- **TASK GOAL**
Of the lines listed below, return exactly those that run from the line containing "Zweifarbiges Monogramm-Empreinte-Leder 29 cm" through the line containing "585/12 Nursing bra E70-75 White", both included.

*** RECORDS SUPPLIED Section Begins ***

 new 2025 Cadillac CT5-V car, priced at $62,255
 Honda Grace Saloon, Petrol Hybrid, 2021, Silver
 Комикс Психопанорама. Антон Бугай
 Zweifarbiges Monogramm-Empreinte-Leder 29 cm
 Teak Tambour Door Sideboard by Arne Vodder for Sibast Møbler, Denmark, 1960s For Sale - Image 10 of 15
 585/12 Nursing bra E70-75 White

*** RECORDS SUPPLIED Section Ends ***
*** RECORDS SUPPLIED Section Begins ***

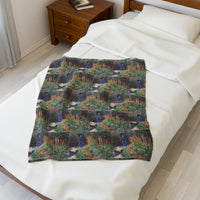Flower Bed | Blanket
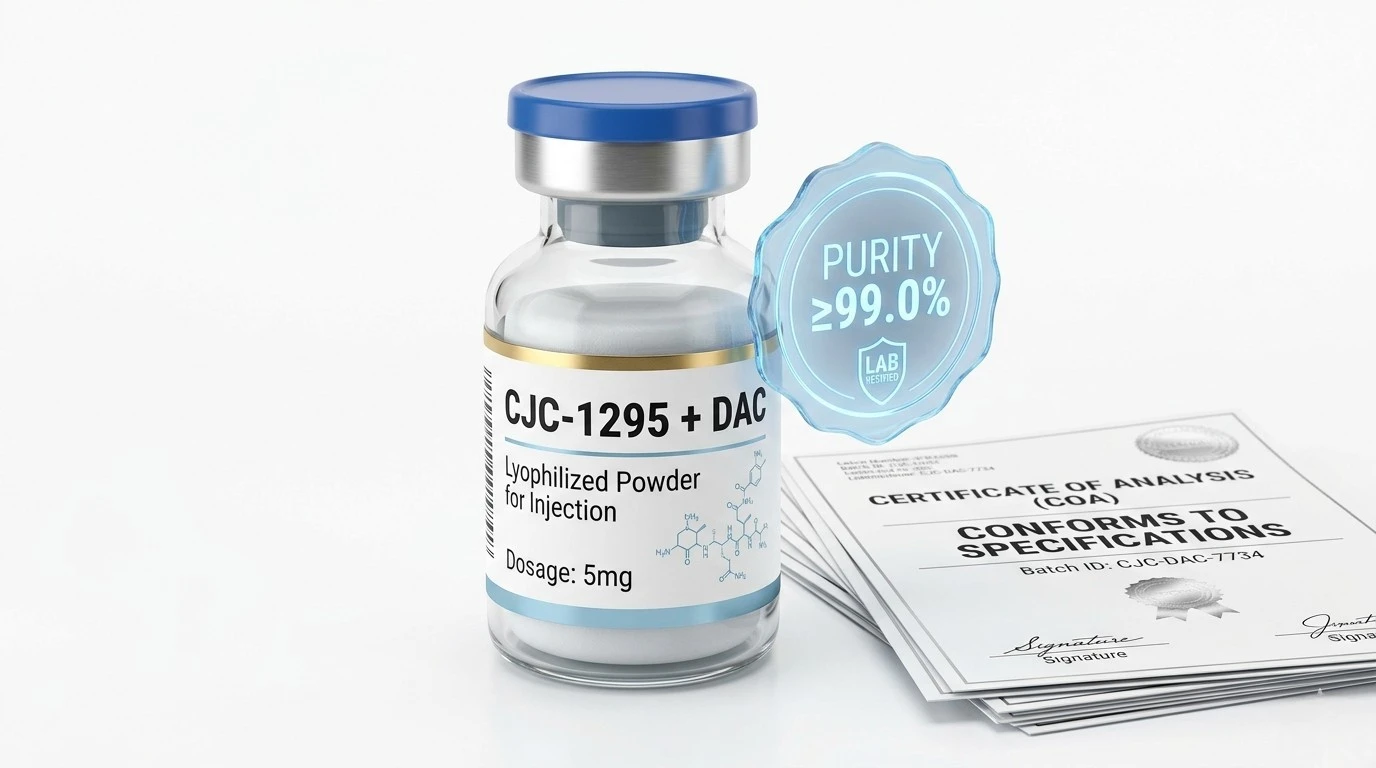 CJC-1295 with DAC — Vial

*** RECORDS SUPPLIED Section Ends ***

- **SOLUTION TO THE PROBLEM**
 Zweifarbiges Monogramm-Empreinte-Leder 29 cm
 Teak Tambour Door Sideboard by Arne Vodder for Sibast Møbler, Denmark, 1960s For Sale - Image 10 of 15
 585/12 Nursing bra E70-75 White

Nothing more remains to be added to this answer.